Radio: To Each Its Own
The British Broadcasting Corp. is not, as it appears to many Americans, a socialistic, state-operated trust. Britons call BBC a public corporation. It has a monopoly on all broadcasting in Britain, and allows no commercials on the air.
Every British radio owner pays an annual fee of £1. BBC operates on only three wave lengths: the "Light" (mostly variety shows and dance music), the "Home" (slightly heavier fare), and the "Third Program" (strictly cultural). Thousands of listeners add to BBC revenues by buying BBC publications. Radio Times, a sort of fan magazine and weekly listing of programs, has a 6,000,000 circulation; The Listener, which reprints BBC talks, goes to 140,000; London Calling is subscribed to by 16,000 listeners overseas.

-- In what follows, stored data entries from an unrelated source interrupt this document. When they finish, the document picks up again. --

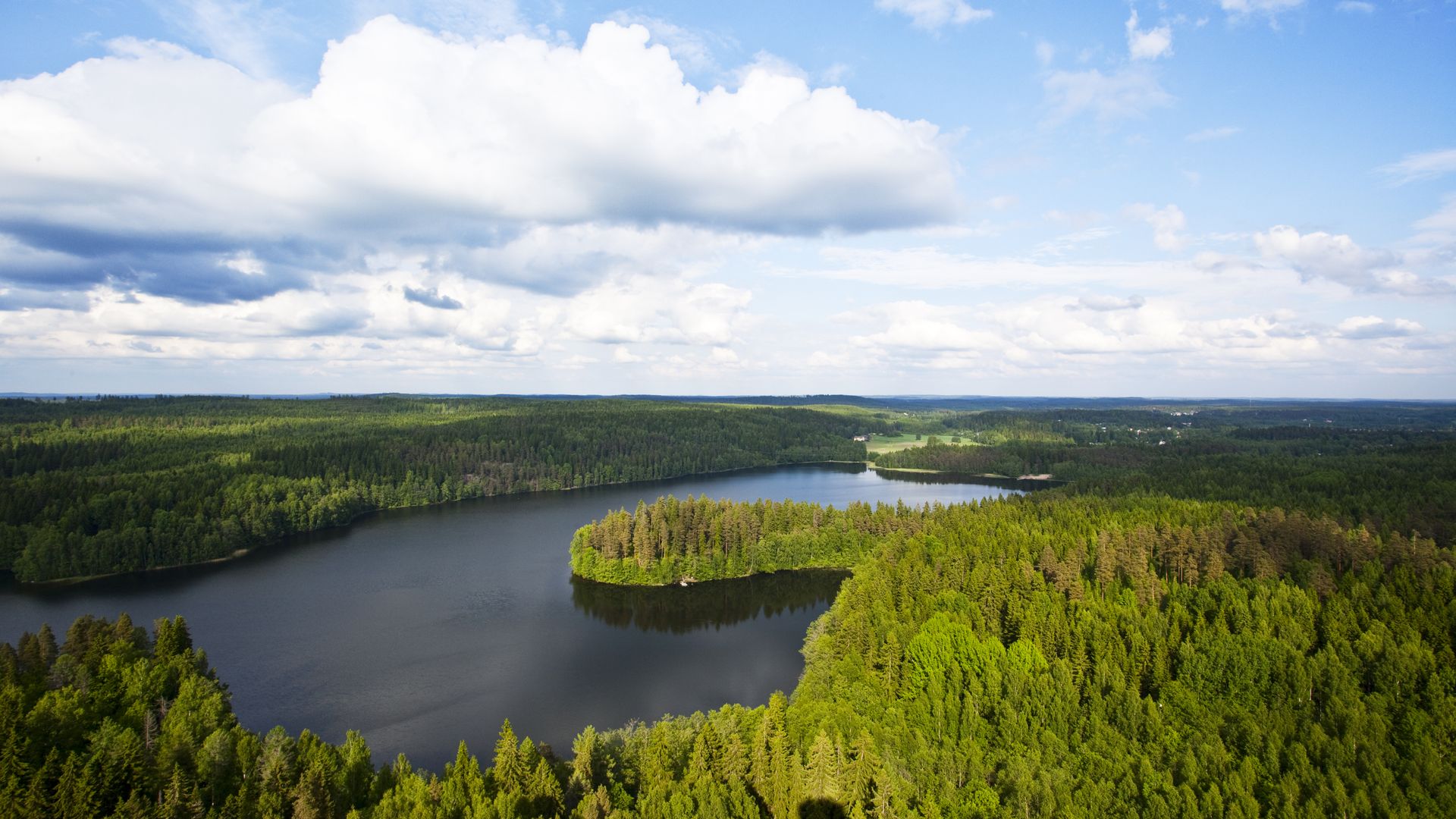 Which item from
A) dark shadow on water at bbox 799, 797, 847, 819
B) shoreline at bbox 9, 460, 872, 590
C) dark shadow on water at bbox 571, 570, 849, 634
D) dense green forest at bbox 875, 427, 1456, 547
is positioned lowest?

In the BBC Quarterly, a sort of trade journal with a small circulation, nine British pundits have just completed a long, solemn look at radio in its larger social aspects. Since the British experts strongly favor their brand of radio, the assortment of brickbats and posies they lob at the U.S. will be particularly interesting to U.S. radiomen.
One Mistake. Radio's biggest impact has been in politics, says Viscount Samuel, elder statesman and philosopher. "A single speech may found a national reputation," but "one mistake may be magnified into a catastrophe. A succession of eloquent and moving broadcasts during the war helped Mr. Churchill to win fame and influence . . . The war over, a single broadcast, out of tune with the spirit and mood of the people, brought disaster."*
Radio as a cultural phenomenon impressed Oxford Historian E. L. Woodward because "for the first time a single voice can address the whole world." In praise of BBC, Woodward says that the British "at once saw the control of broadcasting as one of the problems of liberty. They treated this new source of power over men as they had treated in the past the power of kings and magnates . . . Considered politically, the arrangements governing the BBC and its broadcasts follow the same lines of thought as the order and rules under which the House of Commons has protected the freedom of debate, the interest of minorities, and the dignity of the quiet and moderate speaker." Woodward believes that "every country gets the broadcasting it deserves." In a parenthetical swipe at Hollywood, he adds that, "It is not true that every country gets the films it deserves; most countries get the films which the least educated section of the American plutocracy sends them."
As for radio's sins, Woodward has a typically British complaint: "By adding to speech, the BBC has lessened the amount of desirable silence in the world."
Deliberately Dull? Journalist Ivor Brown thinks there is something to be said for the "odd appetite for knowledge in our times, an appetite which radio [through quiz shows] stimulates and feeds." With relief and some surprise he notes that radio, "instead of flattening out all our accents and idioms, and reducing the rich variety of our national speech . . . has actually popularized diversity." Even "American and Canadian voices seem to have especial powers of coaxing one to listen and to like what one hears."